*TRY IT:*
Somewhere below are a line with "Raquel · Vestido midi satinado azul de rayas" and a later line with "a bowl of soup". Output exactly those lines and all lines between them.

** SOURCE MATERIAL follows **

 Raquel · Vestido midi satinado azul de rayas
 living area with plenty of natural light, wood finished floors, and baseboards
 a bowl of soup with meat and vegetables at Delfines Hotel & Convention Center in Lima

** End of SOURCE MATERIAL **
** SOURCE MATERIAL follows **

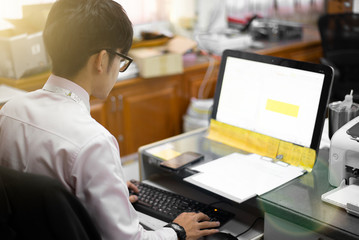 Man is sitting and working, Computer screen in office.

** End of SOURCE MATERIAL **

*ANSWER TO THE PROBLEM:*
 Raquel · Vestido midi satinado azul de rayas
 living area with plenty of natural light, wood finished floors, and baseboards
 a bowl of soup with meat and vegetables at Delfines Hotel & Convention Center in Lima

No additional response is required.